You can have your own opinions, Scott, but not your own facts.
 
Darth_vader said:
You can have your own opinions, Scott, but not your own facts.

No, you're right...I've only actually lived in this neck of the woods, listening to radio and then consulting with actual broadcasters on actual signal propagation, for the better part of 40 years now. Clearly I have no idea what's on the air here, much less what typical radio reception is like, compared with someone tuning in a web radio from all the way across the country. And surely I have no sense of what the terrain is like between Buffalo and New York City, either. (Hint: we have terrain here in the east, too.
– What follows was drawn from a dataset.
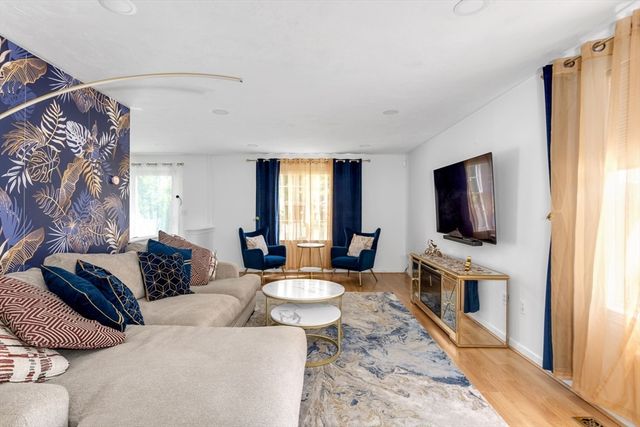 49 Palomino Dr, Franklin, MA 02038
There's a little thing called the "Catskill Mountains" that rises up to more than 4000 feet above sea level, forming a near-perfect terrain blockage between the Empire State Building antennas, some 1500 feet above sea level, and the Buffalo area, 600 or so feet above sea level. And there's the Allegany Plateau forming a further barrier, culminating in the very hills south of Buffalo where the WDCX 99.5 transmitter is located.)

I have no idea what the heck you say you heard. If the "Buffalo" Global Tuners node is really where it says it is, it's within about 10 miles of the WDCX transmitter, which is a 110 kW grandfathered superpower flamethrower that just happens to be almost exactly along the same bearing as WBAI would be. WDCX also happens to be one of the best-engineered stations in the region. It's not often that it's off the air, and even if it were for some reason operating at "reduced power," the Buffalo tuner (if it's where it claims to be) would still have to be looking right through it to hear WBAI co-channel.

[Also: at least based on the profile of the guy who runs the Buffalo tuner, KG9NZ, he's not even in a location that allows for an outdoor FM antenna. That you heard nothing on 99.5 on his rig probably means that there's no FM antenna connected at all. But here, see for yourself: http://www.qrz.com/db/KG9NZ]

We happen to have a very active and very passionate base of FM DXers here in western New York, many of us with actual outdoor antennas. If it were possible to hear Empire State Building FM signals from the Buffalo area (a nearly 400 mile distance for a 4 kW signal), much less to do so on a routine basis, it's damn near certain that someone out here would have done so, and would have very eagerly reported it to the WTFDA FM list and to "VHF-UHF Digest." The fact is that in over half a century of documented active FM DXing from the area, that's not a reception path that has ever been a favorable one.

Given the choice between believing a half-dozen of the more prominent and more fastidious DXers anywhere in the country (and my own ears), or some guy 3000 miles away who claims to have heard something over a web tuner (and a "few times," at that), I know what I think.
 
Oh, and one more thing, in the event you're more interested in a factual discussion than in the usual insult-slinging: The only well-documented VHF reception along this path in recent decades has been the former WVOR 100.5 here in Rochester, whose 50 kW signal (more than 10x as strong as WBAI) from a site about 1000 feet above sea level used to be routinely heard by a DXer in Sparta, New Jersey, considerably closer to Rochester and Buffalo and also at about 1000 feet above sea level on a northwest-facing hillside that's much more terrain-favorable for a path in this direction. And even that ~300-mile reception (100 miles or so less than the WBAI-to-Buffalo path) went away when a co-channel class A station came on the air in Binghamton, halfway between Sparta and here. (For what it's worth, the Sparta DXer was and is himself rather terrain-blocked to Empire, even though he's less than 40 miles away.)